Once again, alternative parametrisations are sometimes used: in the past I have sometimes used $l' \equiv l/2$, and george uses $\Gamma \equiv 2 / l^2$.

What does it actually look like?

Let's plot the covariance function for a few different values of $P$, $V$ and $l$, and then random draws from the corresponding GPs.


In [64]:
def expsine2(P, l, r):
    return np.exp(-2*(np.sin(np.pi*r/P))**2/l**2)
lws = [1,2,3]
cols = ['b','g','r']
lss = ['-', '--', ':']
P = [0.3,1,3]
l = [0.5,2,5]
V = [0.1,0.5,2]
pl.figure(figsize=(14,5))
ax1 = pl.subplot(131)
for i in range(len(P)):
    pl.plot(r,1*expsine2(P[i],1,r), label = r"$P=$%s" % repr(P[i]), lw = lws[i], c = 'k', ls = '-')
pl.legend(loc=0)
pl.title(r"ES2 kernel ($l=1,V=1$)")
pl.xlabel(r"$r$")
pl.ylabel(r"$k_{\mathrm{SE}}(r)$")
ax2 = pl.subplot(132, sharex = ax1, sharey = ax1)
for i in range(len(l)):
    pl.plot(r,1*expsine2(1,l[i],r), label = r"$l=$%s" % repr(l[i]), lw = 1, c = cols[i], ls = '-')
pl.legend(loc=0)
pl.title(r"ES2 kernel ($P=1,V=1$)")
pl.xlabel(r"$r$")
ax3 = pl.subplot(133, sharex = ax1, sharey = ax1)
for i in range(len(V)):
    pl.plot(r,V[i]*expsine2(1,1,r), label = r"$V=$%s" % repr(V[i]), lw = 1, c = 'k', ls = lss[i])
pl.legend(loc=0)
pl.title(r"ES2 kernel ($P=1,l=1$)")
pl.xlabel(r"$r$")
pl.xlim(0,3)
pl.ylim(0,2.1);



In [77]:
pl.figure(figsize=(14,15))
for i in range(len(P)):
    for j in range(len(l)):
        if (i == 0) & (j == 0):
            ax1 = pl.subplot(331)
        else: 
            axc = pl.subplot(3,3,i*3+j+1, sharex = ax1, sharey = ax1)
        Gamma = 2.0/l[j]**2
        for k in range(len(V)):
            gp = GP(V[k] * kernels.ExpSine2Kernel(Gamma,P[i]))
            gp.compute(t,yerr=1e-3)
            sam = gp.sample(t).flatten()
            pl.plot(t,sam,lw = lws[i], c=cols[j],ls=lss[k], label = r"$V=$%s" % repr(V[k]))
        if i == 0: 
            pl.title(r"$l=$%s" % repr(l[j]))
        if j == 0: 
            pl.ylabel(r"$P=$%s" % repr(P[i]))
        if i == len(P)-1:
            pl.xlabel(r"$t$")
        if j == len(l)-1:
            pl.legend(loc=0)
pl.xlim(-2.5,2.5)
pl.ylim(-3,3);


We can immediately see things are going to be a little more complicated than before. Obviously, $P$ controls the period, but the shape and range of the covariance function, and hence the "wigglyness", variance and even mean of the resulting time-series, depend on both $V$ and $l$ in an interconnected way.

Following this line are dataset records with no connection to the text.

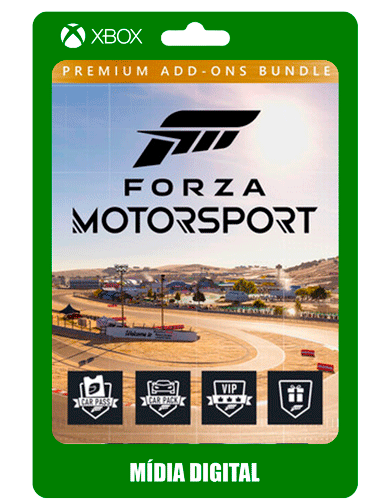 Forza Motorsport: Premium Add-Ons Bundle
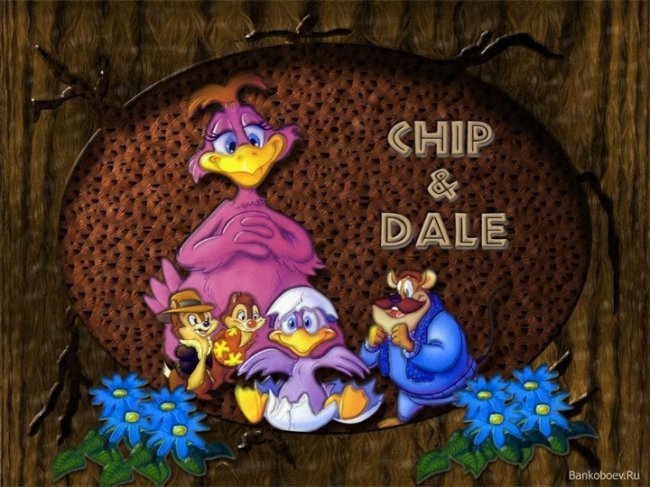 Чип и Дейл - Chip 'n Dale - Трейлеры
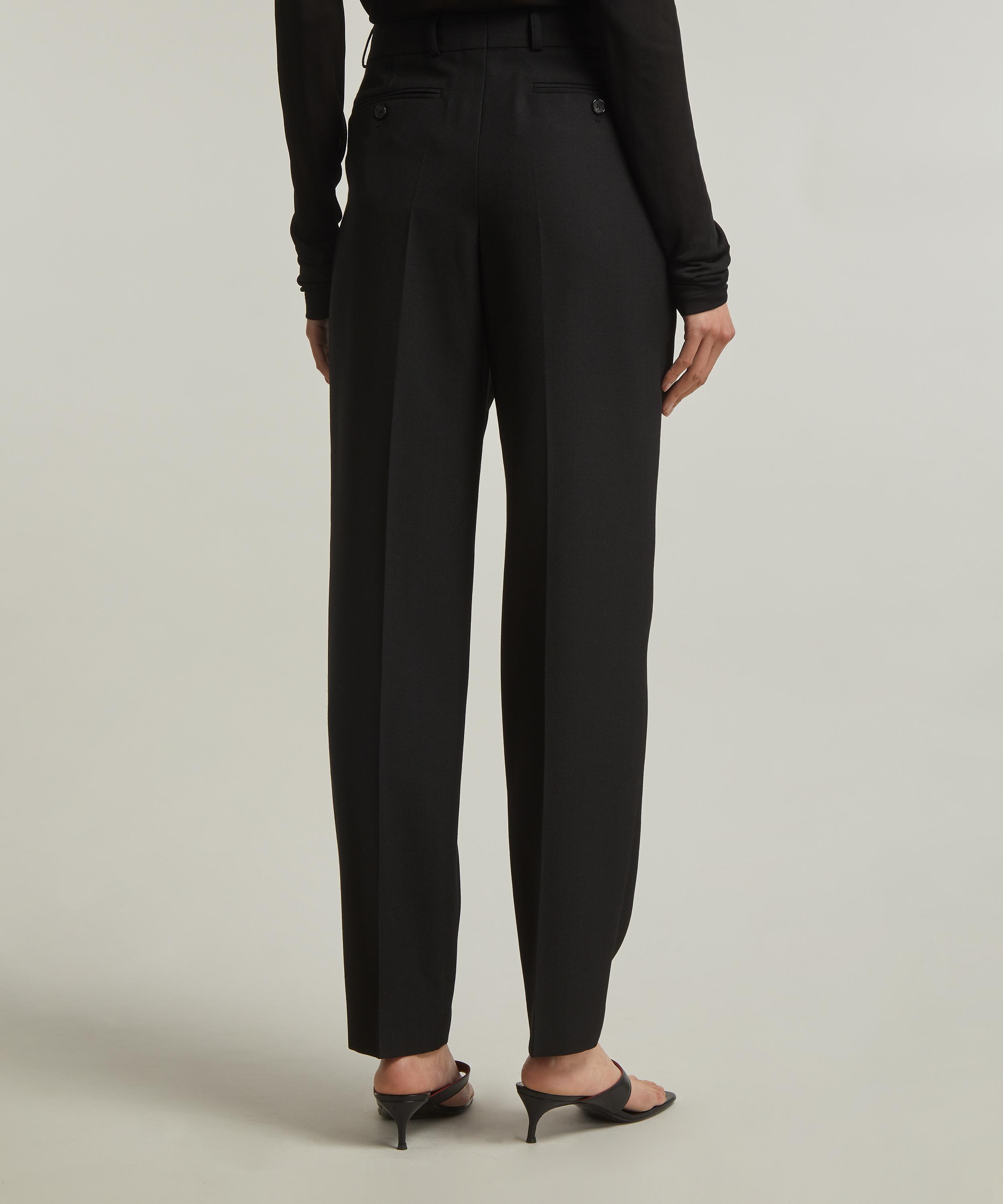 Toteme - Low-Waist Tailored Trousers image number 3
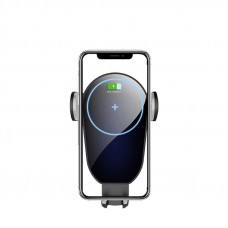 Тримач автомобільний ColorWay AutoSense Car Wireless Charger 15W Black (CW-CHAW025Q-BK)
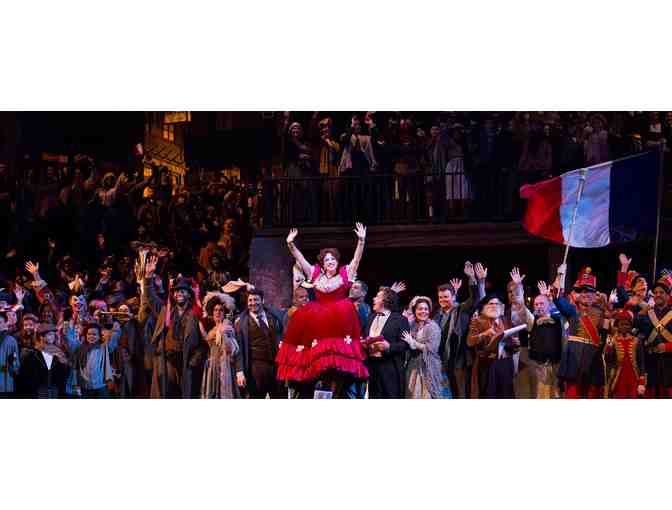 La Boheme Opera Night for two including dinner and drinks at the Metropolitan Opera Club
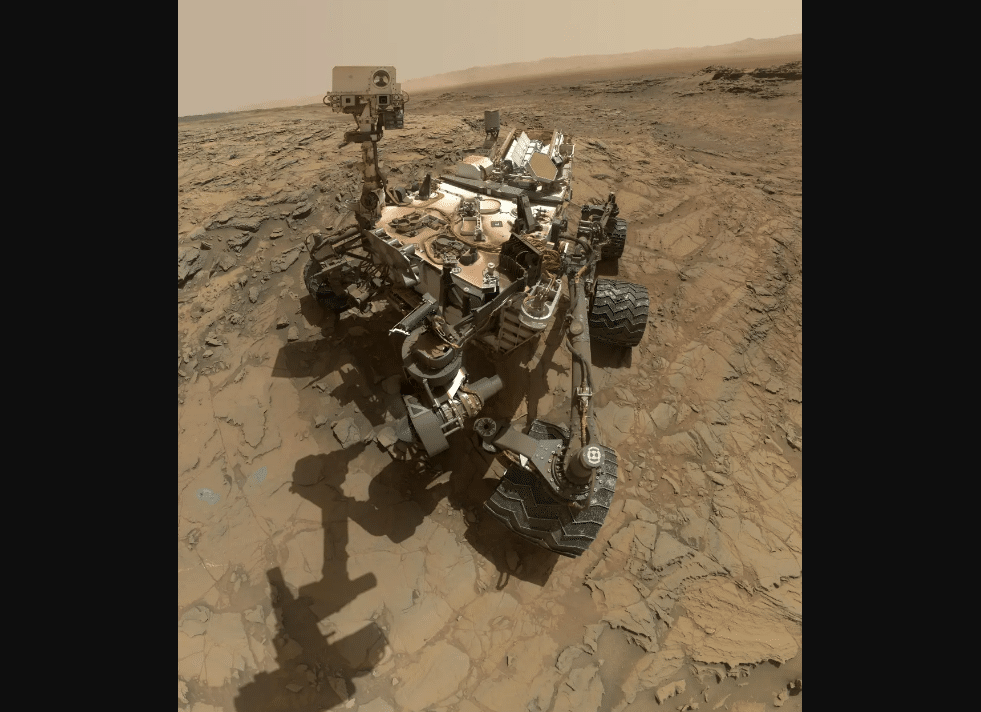 NASA makes groundbreaking discovery on Mars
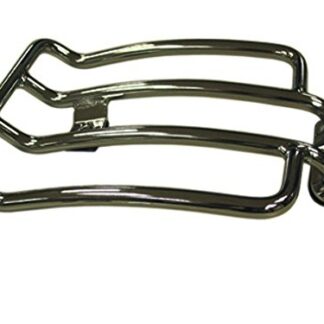Chrome Luggage Rack for Harley Sportster Standard 2004 UP with Solo SEAT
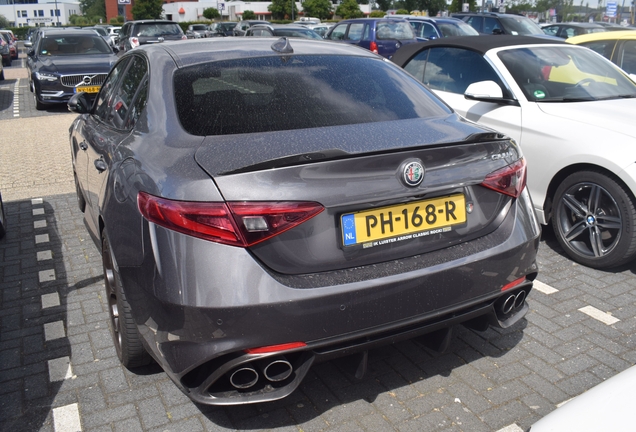 Alfa Romeo Giulia Quadrifoglio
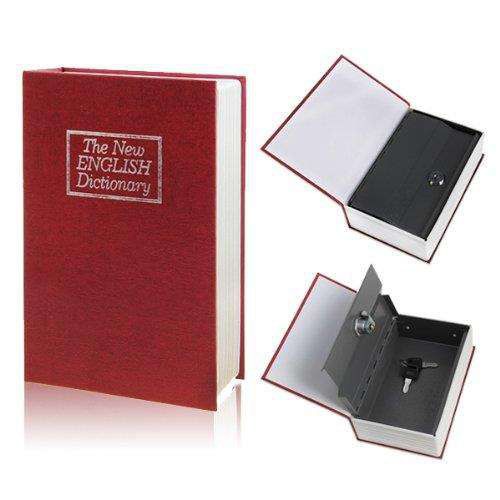 Small Book Safe - Hide Valuables ! 180 X 115 X 55mm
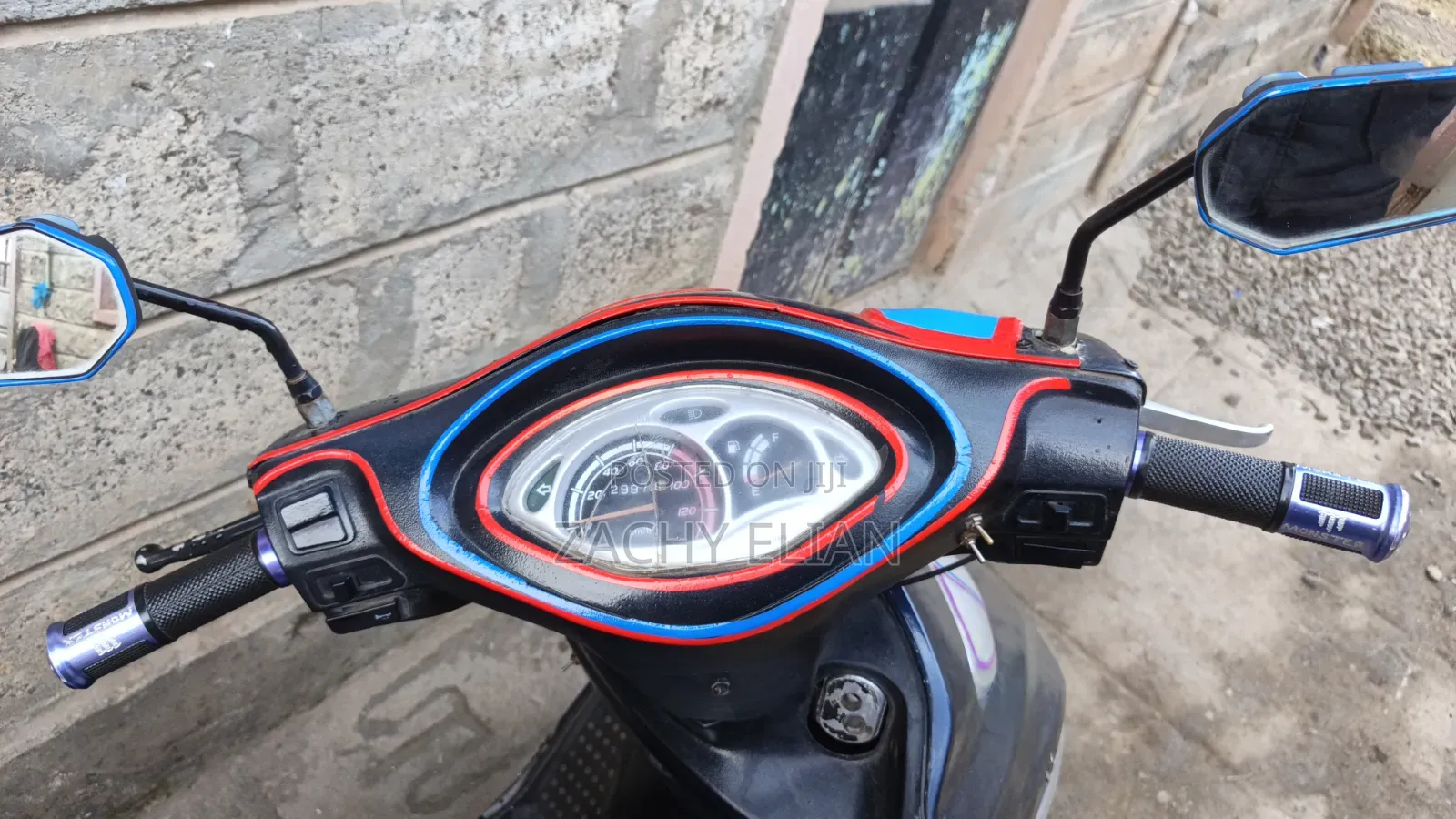 Haojin Ares HJ150-26 2019 Blue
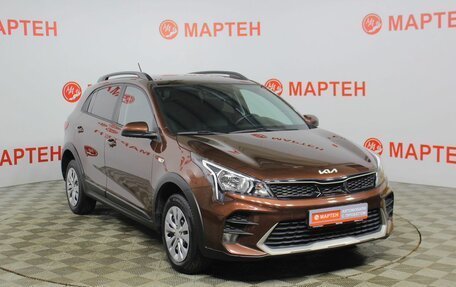 KIA Rio IV, 2021 год, 1 878 000 рублей, 3 фотография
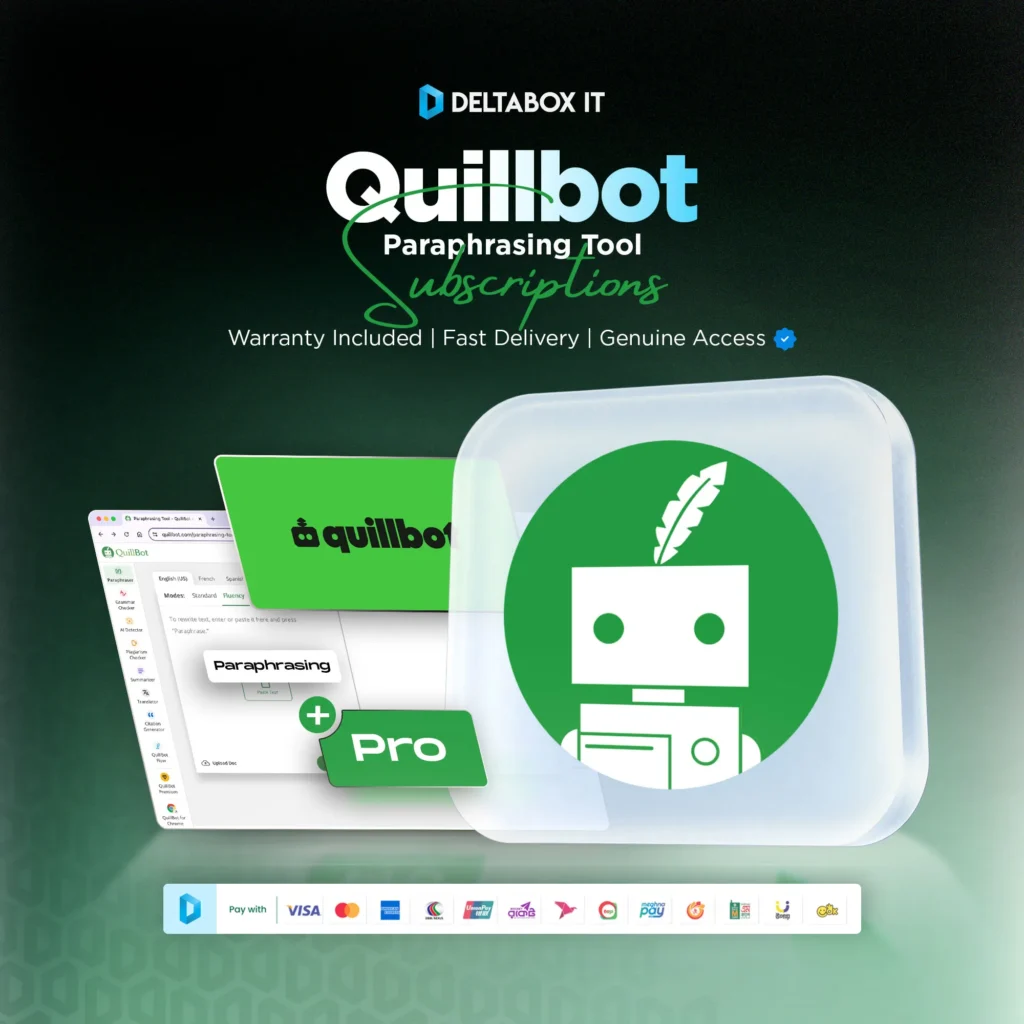 QuillBot AI Premium Subscription in Bangladesh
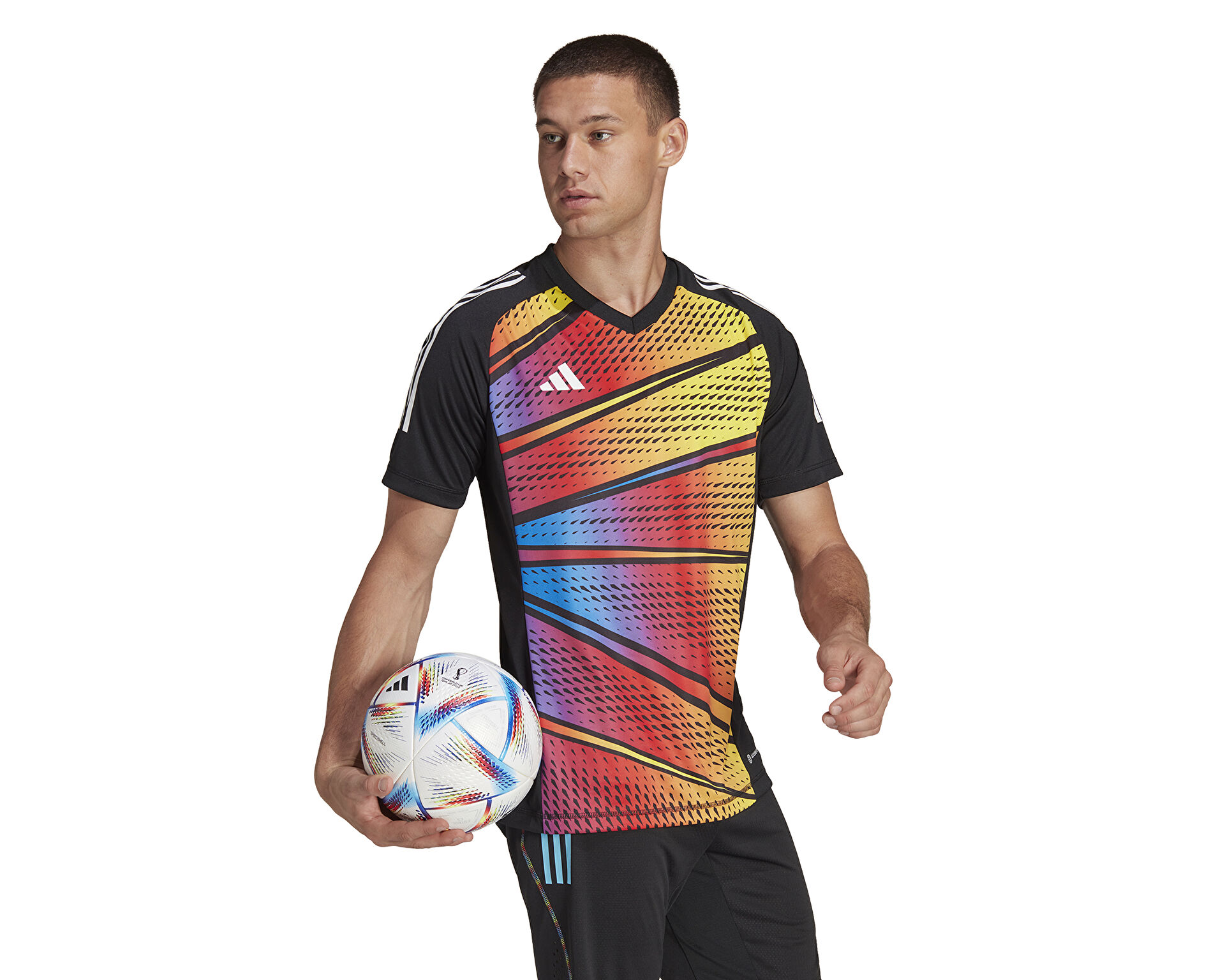 adidas Erkek Tiro Gfx Jsy Wc Çok Renkli HN7015 adidas Erkek Tiro Gfx Jsy Wc Çok Renkli HN7015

Before we delve into that any deeper, though, a short aside...

2-D interpretation

According to RW, this type of kernel was introduced by Mackay (1998), by mapping the one-dimensional variable $t$ onto a 2-D space $\mathbf{u}(t)=(\cos(t),\sin(t))$, and using the squared exponential kernel in $\mathbf{u}$-space. Noting that $(\cos(t)-\cos(t'))^2+(\sin(t)-\sin(t'))^2=4 \sin^2 (r/2)$, one obtains:

$$k(r) = \exp{\left( -\frac{2 \sin^2 (r/2)}{l^2} \right)}.$$

(As $\sin^2(x)$ has period $\pi$, the above expression produces random periodic functions with period $2\pi$, the modified expression I used enables me to generate random periodic functions with arbitrary period $P$.)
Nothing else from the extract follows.